St. John Villa Academy was a private, Roman Catholic School on Staten Island in New York, New York. Its senior high school was all girls, while the K-8 school was co-ed. The school was located within the Roman Catholic Archdiocese of New York. St. John Villa Academy, owned and operated by the Sisters of St. John the Baptist, was located on the east shore of Staten Island, in the Arrochar neighborhood, overlooking the Verrazzano–Narrows Bridge and Lower New York Bay.

It was operated by the Sisters of St. John the Baptist. St. John Villa Academy is located in Staten Island, New York, overlooking the Verrazzano Narrows Bridge. The elementary school had grades K-8, while the high school had grades 9–12. Enrollment in St. John Villa Academy was open to girls who have graduated from elementary school and who want a secondary level, college-preparatory education.

== History ==
St. John Academy was established in 1922 by the Sisters of St. John the Baptist. In September 1923, the Sisters opened a school called St. John's Novitiate and Boarding School. In June, 1926 the first class of students, numbering 24, graduated. In the early 1930s it was extended to the high school level.

The boarding school ceased operation in the 1970s. The main dormitory buildings can still be seen from Narrows Road South and were, in the school's later years, used as either classrooms or offices.

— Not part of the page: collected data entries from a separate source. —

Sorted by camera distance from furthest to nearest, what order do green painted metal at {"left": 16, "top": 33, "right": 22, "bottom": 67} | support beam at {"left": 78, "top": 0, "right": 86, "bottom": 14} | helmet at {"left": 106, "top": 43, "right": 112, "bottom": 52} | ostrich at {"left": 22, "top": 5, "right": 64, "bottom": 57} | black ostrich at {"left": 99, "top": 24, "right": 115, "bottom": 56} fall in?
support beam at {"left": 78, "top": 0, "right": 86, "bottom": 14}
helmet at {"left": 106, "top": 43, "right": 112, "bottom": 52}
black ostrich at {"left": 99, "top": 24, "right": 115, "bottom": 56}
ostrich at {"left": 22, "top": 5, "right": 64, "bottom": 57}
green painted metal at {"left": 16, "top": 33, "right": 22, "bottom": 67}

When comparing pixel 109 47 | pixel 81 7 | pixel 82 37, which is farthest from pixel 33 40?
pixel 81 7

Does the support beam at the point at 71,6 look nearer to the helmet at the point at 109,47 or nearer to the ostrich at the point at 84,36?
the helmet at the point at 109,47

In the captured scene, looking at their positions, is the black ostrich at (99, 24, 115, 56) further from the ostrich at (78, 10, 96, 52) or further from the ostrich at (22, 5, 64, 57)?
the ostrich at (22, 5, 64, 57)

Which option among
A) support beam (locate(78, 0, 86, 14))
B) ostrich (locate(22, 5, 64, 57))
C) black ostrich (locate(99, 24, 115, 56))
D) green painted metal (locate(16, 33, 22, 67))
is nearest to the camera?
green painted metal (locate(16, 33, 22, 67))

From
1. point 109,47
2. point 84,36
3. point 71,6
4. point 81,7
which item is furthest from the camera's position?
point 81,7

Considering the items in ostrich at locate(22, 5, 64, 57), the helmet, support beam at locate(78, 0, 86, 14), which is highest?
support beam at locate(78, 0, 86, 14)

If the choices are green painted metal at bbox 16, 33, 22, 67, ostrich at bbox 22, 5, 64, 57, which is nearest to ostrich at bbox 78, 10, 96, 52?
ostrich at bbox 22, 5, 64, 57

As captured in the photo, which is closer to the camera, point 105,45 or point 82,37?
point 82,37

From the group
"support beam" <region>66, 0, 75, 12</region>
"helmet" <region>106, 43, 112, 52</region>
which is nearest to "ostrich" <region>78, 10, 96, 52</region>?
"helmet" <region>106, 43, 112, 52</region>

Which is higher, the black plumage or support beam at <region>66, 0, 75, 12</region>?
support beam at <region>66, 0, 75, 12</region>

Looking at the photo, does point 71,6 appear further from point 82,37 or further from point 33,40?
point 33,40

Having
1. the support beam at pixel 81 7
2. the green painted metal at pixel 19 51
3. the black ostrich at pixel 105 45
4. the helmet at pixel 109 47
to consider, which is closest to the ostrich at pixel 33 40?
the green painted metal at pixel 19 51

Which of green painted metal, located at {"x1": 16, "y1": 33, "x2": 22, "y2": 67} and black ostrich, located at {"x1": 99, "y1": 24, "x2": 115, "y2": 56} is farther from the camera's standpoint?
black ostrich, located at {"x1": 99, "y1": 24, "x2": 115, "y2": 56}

On Saturday, January 26, 2014, Villa Senior Dorothy O'Neill became the newest member of the 1,000 point club during a basketball game against Bishop Kearney HS. The 5-foot-4 O'Neill, who finished with 17 points (three 3-pointers), became only the fourth Villa player to reach 1,000 career points. She joins Christie Marrone, Nicole Capurso and Stephanie Klingele on the Bears' list of highest scorers.

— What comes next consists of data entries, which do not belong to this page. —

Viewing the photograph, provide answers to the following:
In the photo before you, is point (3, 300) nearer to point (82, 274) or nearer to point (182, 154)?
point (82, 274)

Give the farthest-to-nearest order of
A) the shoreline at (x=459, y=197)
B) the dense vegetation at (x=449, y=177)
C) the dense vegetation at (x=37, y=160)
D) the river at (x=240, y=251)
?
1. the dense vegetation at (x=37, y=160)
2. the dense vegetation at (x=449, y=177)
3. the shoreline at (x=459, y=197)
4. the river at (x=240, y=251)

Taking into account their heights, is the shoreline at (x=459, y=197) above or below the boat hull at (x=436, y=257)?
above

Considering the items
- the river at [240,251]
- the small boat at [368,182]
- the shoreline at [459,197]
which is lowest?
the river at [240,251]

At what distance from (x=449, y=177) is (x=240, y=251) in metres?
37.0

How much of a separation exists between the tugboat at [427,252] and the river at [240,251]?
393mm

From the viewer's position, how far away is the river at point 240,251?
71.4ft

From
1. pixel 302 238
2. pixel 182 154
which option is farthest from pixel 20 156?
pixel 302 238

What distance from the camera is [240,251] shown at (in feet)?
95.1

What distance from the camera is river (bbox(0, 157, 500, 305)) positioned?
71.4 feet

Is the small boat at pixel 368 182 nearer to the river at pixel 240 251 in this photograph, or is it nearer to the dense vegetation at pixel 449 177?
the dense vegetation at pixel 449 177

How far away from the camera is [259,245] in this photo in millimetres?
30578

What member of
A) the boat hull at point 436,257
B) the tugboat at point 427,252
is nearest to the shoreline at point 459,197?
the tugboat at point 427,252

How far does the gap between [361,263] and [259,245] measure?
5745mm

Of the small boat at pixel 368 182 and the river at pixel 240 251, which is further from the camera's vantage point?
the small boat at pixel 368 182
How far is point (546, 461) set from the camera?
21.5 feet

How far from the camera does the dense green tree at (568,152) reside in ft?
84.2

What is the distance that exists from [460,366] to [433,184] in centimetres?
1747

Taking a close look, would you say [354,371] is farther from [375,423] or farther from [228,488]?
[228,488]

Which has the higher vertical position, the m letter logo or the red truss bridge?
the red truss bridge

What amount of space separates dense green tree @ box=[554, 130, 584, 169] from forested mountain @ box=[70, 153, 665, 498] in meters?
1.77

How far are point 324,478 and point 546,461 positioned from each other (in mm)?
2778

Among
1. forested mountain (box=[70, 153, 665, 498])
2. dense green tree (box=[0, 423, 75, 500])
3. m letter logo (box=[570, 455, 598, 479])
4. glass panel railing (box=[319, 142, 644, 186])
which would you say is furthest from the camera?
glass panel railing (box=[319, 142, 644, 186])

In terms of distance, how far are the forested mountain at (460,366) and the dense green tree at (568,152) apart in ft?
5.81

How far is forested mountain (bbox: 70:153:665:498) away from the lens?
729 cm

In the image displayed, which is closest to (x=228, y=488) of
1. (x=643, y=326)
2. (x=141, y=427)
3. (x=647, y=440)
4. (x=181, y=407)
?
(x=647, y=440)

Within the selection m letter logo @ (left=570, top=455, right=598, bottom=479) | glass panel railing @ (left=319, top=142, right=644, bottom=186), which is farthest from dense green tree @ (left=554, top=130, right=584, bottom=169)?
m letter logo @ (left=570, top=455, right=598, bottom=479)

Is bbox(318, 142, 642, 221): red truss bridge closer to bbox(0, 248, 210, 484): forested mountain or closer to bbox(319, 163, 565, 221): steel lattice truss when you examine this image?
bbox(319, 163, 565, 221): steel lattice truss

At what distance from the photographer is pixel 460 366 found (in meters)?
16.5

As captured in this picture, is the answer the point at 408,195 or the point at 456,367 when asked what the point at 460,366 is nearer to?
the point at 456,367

In its final year, 2018, it had 214 K-8 students and 510 high school students. St. John Villa Academy Elementary School and St. John Villa Academy High School closed at the end of the 2017–2018 academic year. Lack of adequate personnel and faculty, a declining enrollment, and growing maintenance expenses of an aging facility forced the closure. The City bought the campus for use as a New York City public school. There were 76 students in the final graduating class. The school closed in June of that year.

== Campus ==
The school had a chapel and an elementary school facility dating from 1937 and 1931, respectively. A construction project broke ground in December 2004 and was completed in September 2006. Villa added a new building. As a result of high enrollment, SJVA developed a campus facility plan that would renovate existing buildings and increase the amount of space in the high school. Specifically, several of the oldest buildings on campus have proved unable to meet the space and program needs of faculty and students. In order to maintain programs and to expand other areas of the curriculum, SJVA proposed a $5 million renovation and construction project. The new classrooms were to be provided with "T1" Internet access lines. Of the $5 million in renovation and construction, $1 million must be raised from a capital campaign.

The School campus had grown. Additions include the construction of the current elementary school building in 1931, of a new chapel in 1938, of the high school building in 1957, and in the mid-1980s, of the gym.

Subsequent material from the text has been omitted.